Marchar contra a política, contra os
políticos, contra as ditas forças tradicionais (e seus sinônimos) corresponde a
entregar o ouro para o bandido
Reinaldo Azevedo
É claro que não se devem tomar
os números do Datafolha como antecipadores do que vai acontecer em 2018. Ainda
é muito cedo, como todos sabemos. A realidade, nem é preciso que eu demonstre
isso, anda muito mais dinâmica do que poderia ser de nossa escolha. Países com
estabilidade institucional têm muito menos solavancos. Esse frenesi permanente
na política brasileira não é prova de saúde institucional, não. Ao contrário. É
sinal de que estamos com problema.
Assim, não há de se tomar Lula
como forte candidato ou Marina Silva como virtual eleita. Falta muita coisa.
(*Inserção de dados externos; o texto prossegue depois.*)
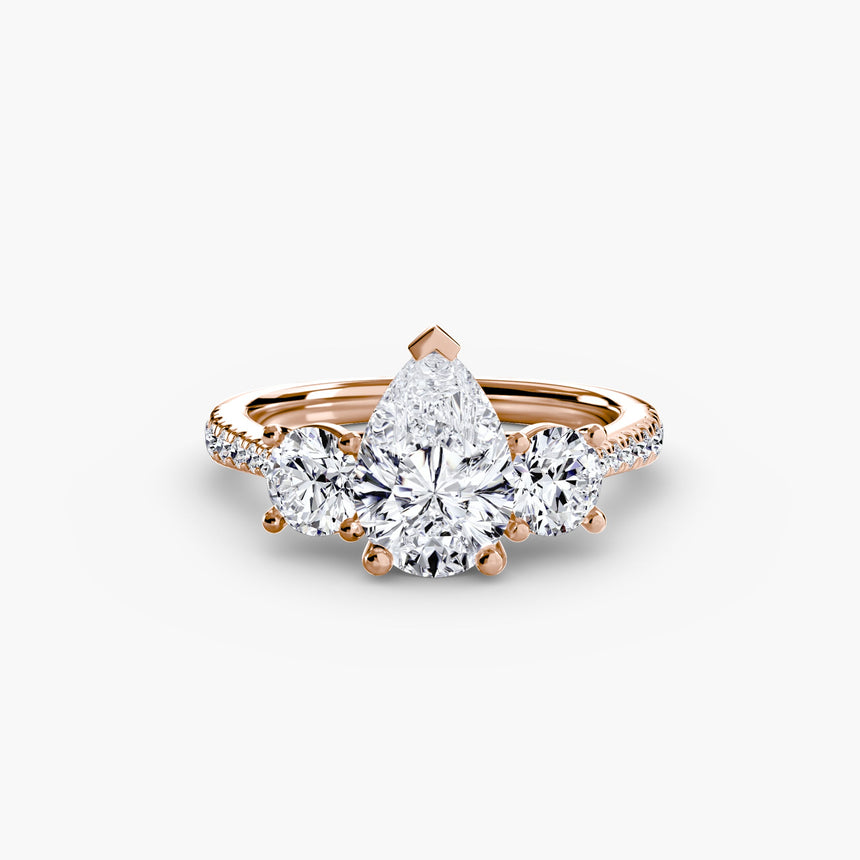 ÉTERNITÉ – Pear Cut Three-Stone Pavé Ring Setting in Rose Gold | SARATTI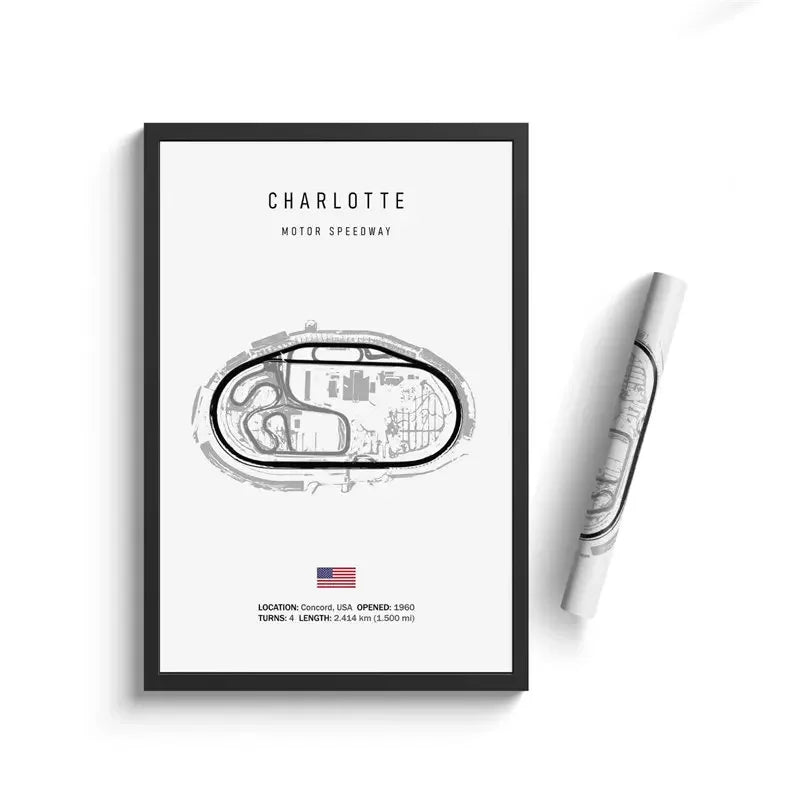 Charlotte | Formula 1 Track Layout | Racing Circuit Poster | Motorsport Wall Art | Home Decor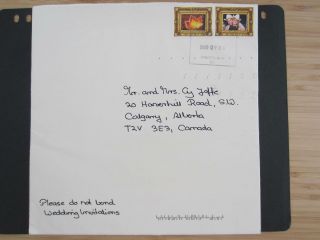 Canada Picture Postage - 2 Different On Wedding Invitation Envelope - 2000 - 1096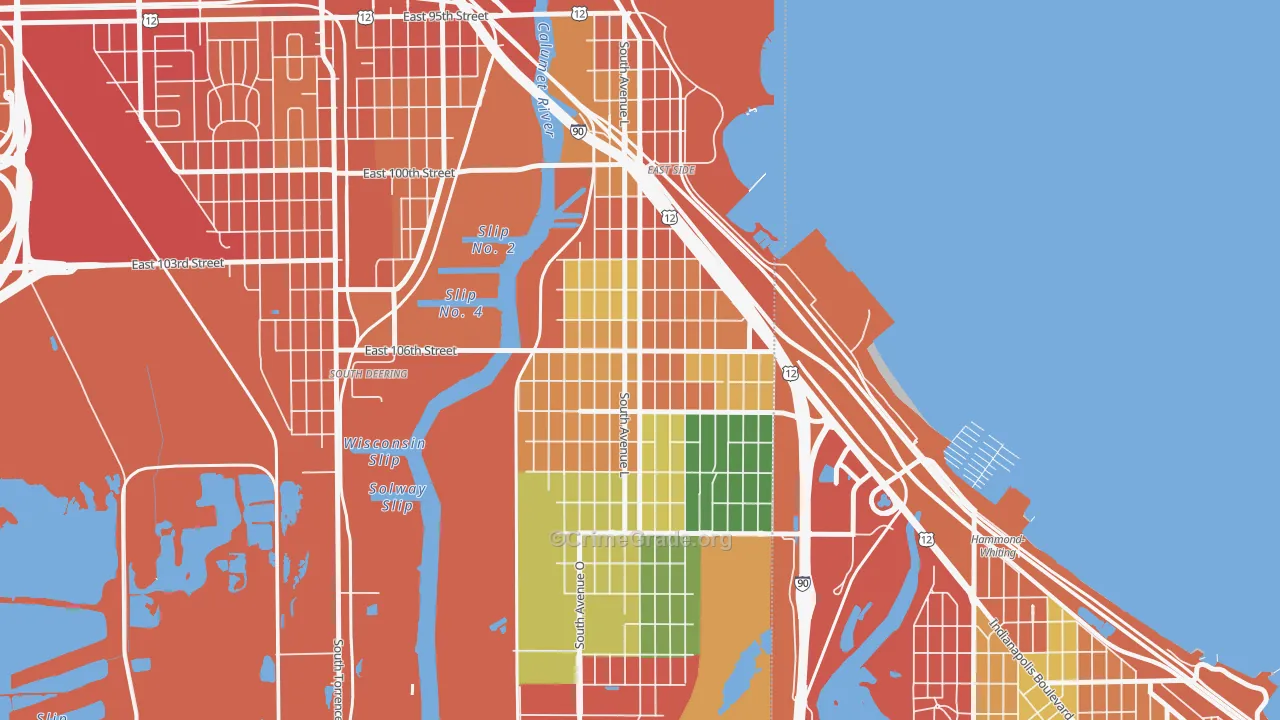 East Side, Chicago, IL Map of Robbery Rates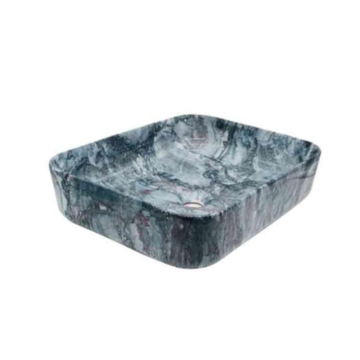 Green Pattern Ceramic Eco-friendly Oval Washbasin for Hotels and Cabinets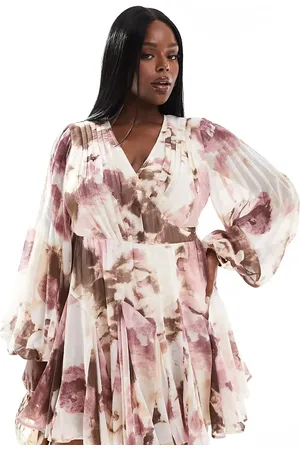 ASOS ASOS DESIGN Curve - Pink slå-om-minikjole med ballonærmer og bindebånd i taljen med blomstermønster-Lyserød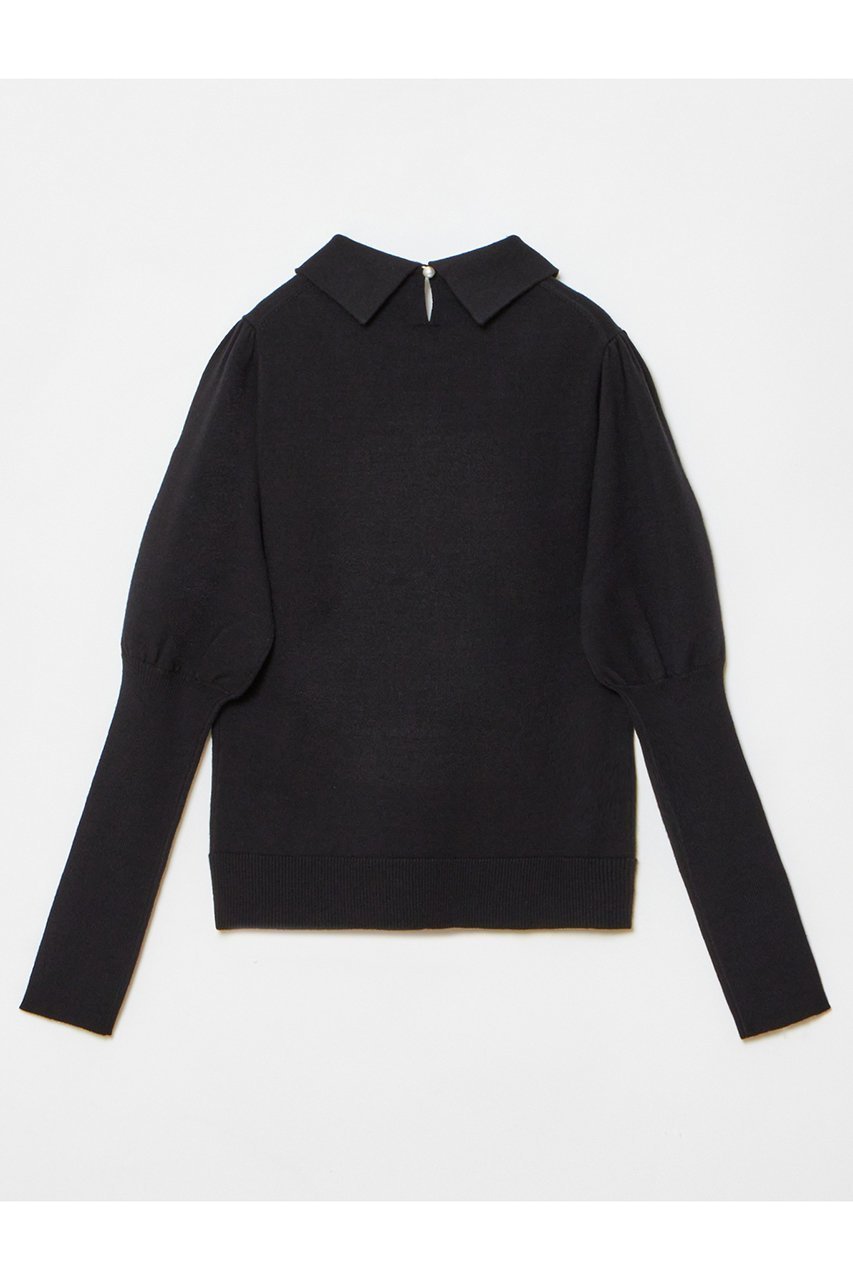 【アルアバイル/allureville】の【LOULOU WILLOUGHBY】衿ビジューパフスリーブプルオーバー 人気、トレンドファッション・服の通販 founy(ファニー) 　ファッション　Fashion　レディースファッション　Fashion for Women　トップス・カットソー　Cut & Sew Tops　ニット　Knit Tops & Sweaters　カジュアルプルオーバー・ニットトップス　Pullovers & Knit Tops / Casual Pullovers　シンプル　Simple, Minimal　スリーブ　Sleeve, Long Sleeve / Short Sleeve　ビジュー　Bijou, Jewel-like Accent　ホリデーシーズン　Holiday Season　other-2|ID: prp329100004260076 ipo3291000000032932218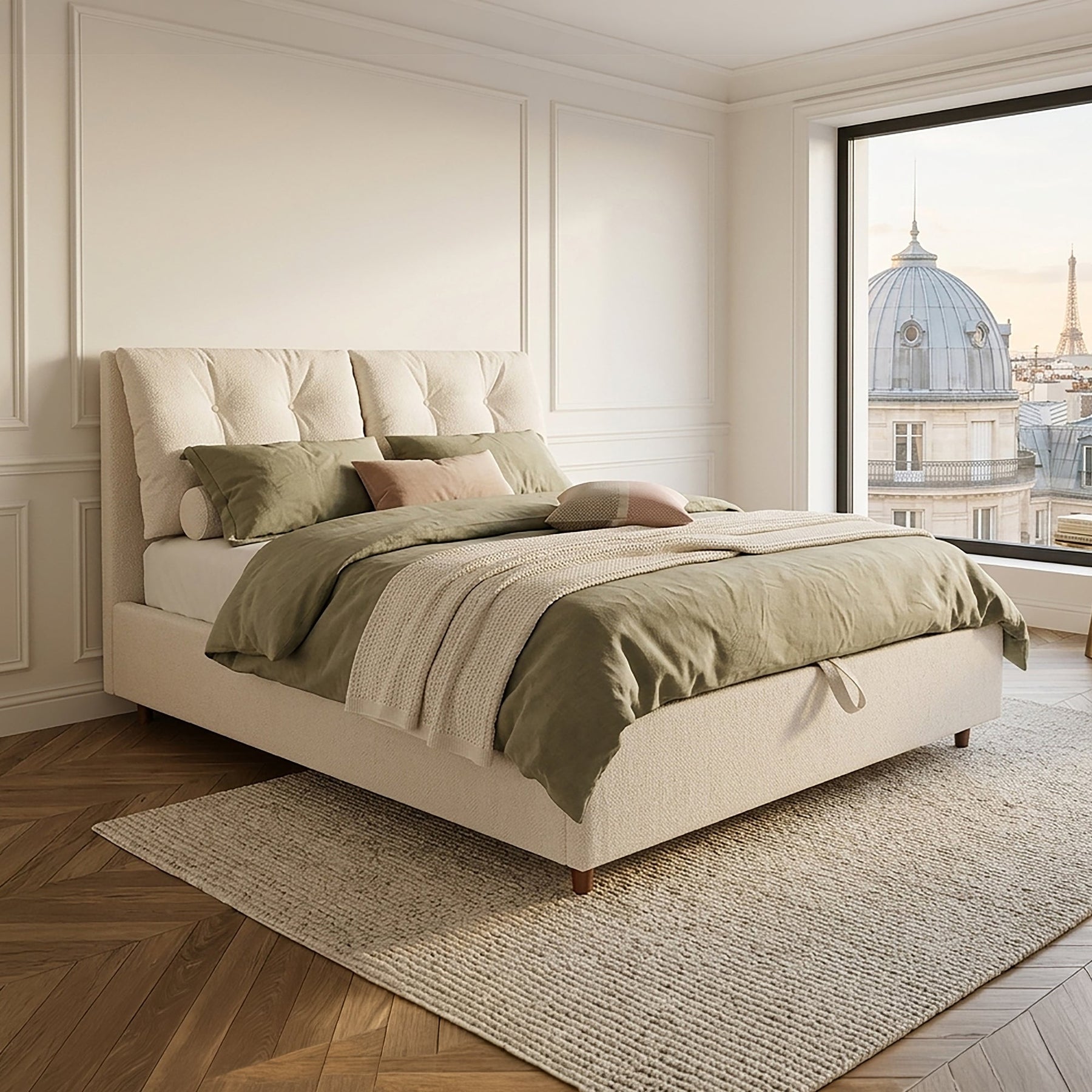 SORA Lit double en tissu beige avec coffre 180x200 cm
Mas é inequívoco que essa sensação de fim do mundo, de fim dos tempos, que
estamos experimentando induz uma recuperação das esquerdas. A razão tristemente
óbvia: se todos são iguais, então por que foi mesmo que o PT foi transformado
na personagem central do petrolão?
Bem, eu acho que o PT foi e é
a personagem central, junto com Lula, o seu grande protagonista. Ocorre que a
gritaria contra os políticos, ainda que compreensível, está levando muita a
gente a concluir que o mal é bem maior. Outro dia, um desses intelectuais de
palpites fáceis, resolveu criticar a índole do próprio brasileiro. Parecia que
ele estava sugerindo que a corrupção entre nós é mesmo uma cultura.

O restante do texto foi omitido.